George Drivas comunica con il cinema il dramma della sua Grecia. E’ presente con due mostre, sia al Padiglione Greco della 57ma Biennale di Venezia che alla Galleria Nazionale d’Arte Moderna e Contemporanea di Roma.
La Galleria Nazionale d’Arte Moderna e Contemporanea di Roma (fino al 24 settembre) presenta la mostra “George Drivas Uncinematic”, una selezione di opere cinematografiche realizzate tra il 2005 e il 2014 dall’artista greco George Drivas, che rappresenta anche la Grecia alla 57.ma Biennale di Venezia (fino al 26 novembre). Osservando le opere del greco George Drivas ci si chiede, è cinema, è arte o è teatro. Le sue rappresentazioni richiamano tanto le inquadrature bianco/nero di Antonioni. Ma osservate bene, e lo dico a chiare lettere, che se oggi l’arte non è politica non è arte. Con Drivas il messaggio politico è chiare e il suo fare, il suo parlare con il mezzo cinematografico è arte. Provate a vedere le inquadrature, il paesaggio assoluto, metafisico, con l’uomo sperduto in questo habitat, in queste architetture e i volti impenetrabili di chi vive realtà irreali eppure presenti. Schermi e monitor, attori giudici con lo sguardo di Charlotte Rampling che attraversano anche i temi delle “Supplici” di Eschilo. E non c’è solo il Padiglione greco alla Biennale rappresentato da questo grande artista/filmaker , perché la rassegna di opere datate dal 2005 al 2014 alla Galleria Nazionale d’Arte Moderna e Contemporanea fanno leggere un mondo di incompresi, dove regna sovrana l’incomunicabilità, con sguardi quasi autistici. Cosa vi leggo dietro? Eccolo, il dramma e lo strangolamento dell’Unione Europea cerso la Grecia, patria di Drivas. E’ un atto d’accusa grave e resistente.

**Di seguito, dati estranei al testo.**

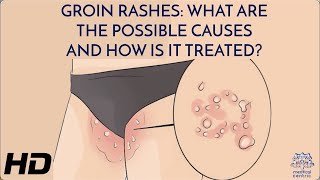Solving the Mystery of Groin Rashes: What You Need to Know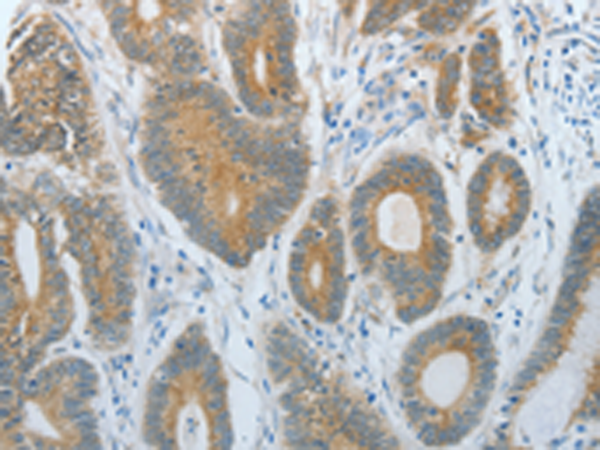 Rabbit Polyclonal Antibody to DNAJC3
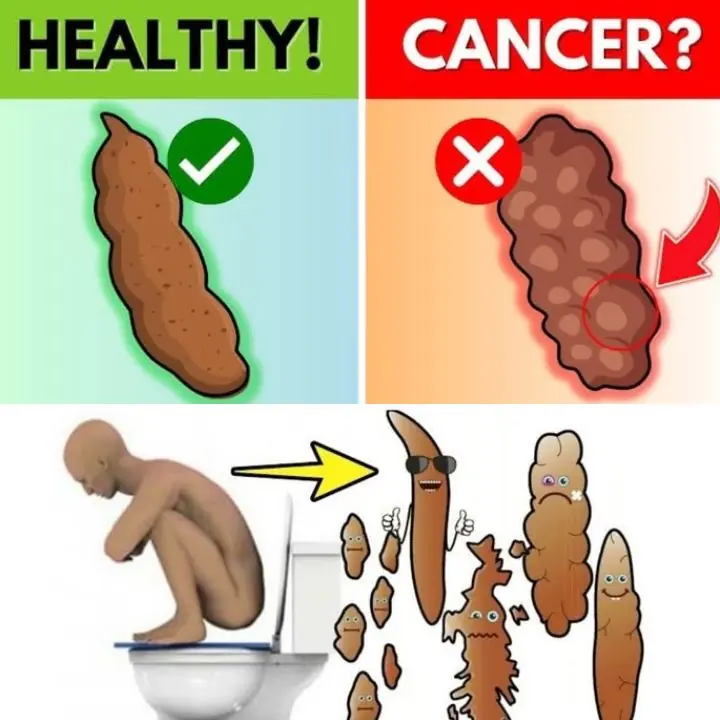 The Color of Your Stool Is Warning You About Your Health!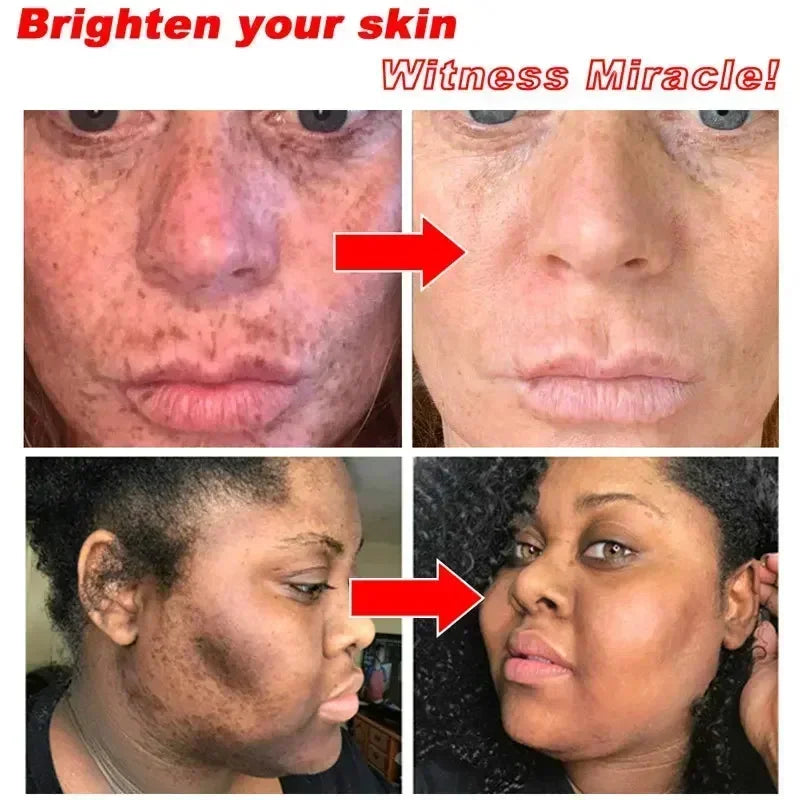 Dark Spots Removal Cream Facial Whitening Freckle Acne Mark Pigmentation Removal Melanin Skin Correction Brighten Care Products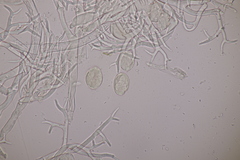 Peronospora corydalis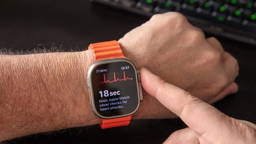 Smartwatches significantly improve detection of atrial fibrillation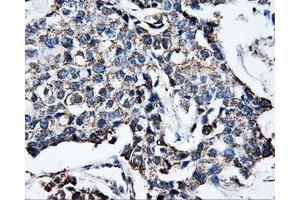 Immunohistochemical staining of paraffin-embedded Adenocarcinoma of breast tissue using anti-ATP5B mouse monoclonal antibody. (ATP5B antibody)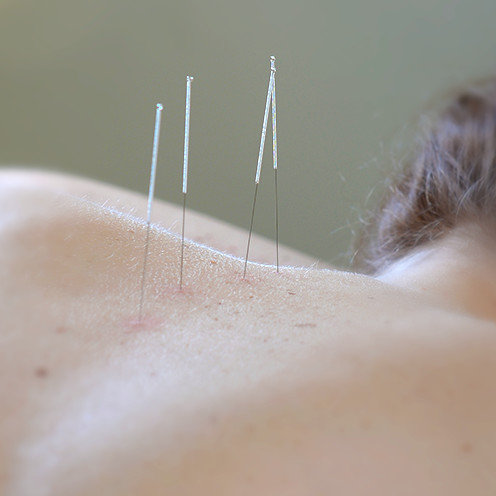 Acupuncture Needles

Drivas crea video narrativi basati sull’immobilità e in gran parte delle sue opere utilizza una straordinaria sequenza di immagini ritmicamente alternate capace di portare in primo piano il legame sotterraneo che, da sempre, unisce fotografia e cinema, ponendo in risonanza le fertili connessioni che sottotraccia uniscono immagine statica e immagine dinamica. Dice l’artista: “Ogni mio lavoro si sviluppa lungo due direzioni: da un lato la linearità, la narrazione, il racconto di qualcosa che procede e che si sviluppa, dall’altro l’irreale, la pausa, il dimenticarsi di come andrà a finire, congelati nel momento fotografato…”. Per Drivas si tratta, infatti, di creare una nuova concezione di spazio vs. tempo, un nuovo modo di presentare e/o di seguire una storia attraverso la costruzione di una “ “lentezza velocizzata”, simile al non-ritmo dei sogni, una rapidità percepita in maniera quasi ipnotica, cosicché il tempo e la durata diventino quasi irrilevanti”. La sua indagine di questo decennio coinvolge sperimentazioni sull’immagine ferma o in movimento, narrativa o non narrativa, e ricerca una lingua astratta sia nel contenuto sia nella forma. I suoi film potrebbero essere ambientati in qualsiasi momento e ovunque, nel futuro o nel passato, in quanto trasmettono contemporaneamente un aspetto futuristico e retrò. Le immagini della fredda architettura modernista catturata dalla sua videocamera o macchina fotografica proiettano un’atmosfera di malinconia e di alienazione, mentre il paesaggio urbano mette in scena temi cruciali come questioni esistenziali, relazioni umane, mancanza di comunicazione, desideri sessuali insoddisfatti sullo sfondo di una società della sorveglianza. George Drivas dice tutto ciò con un film.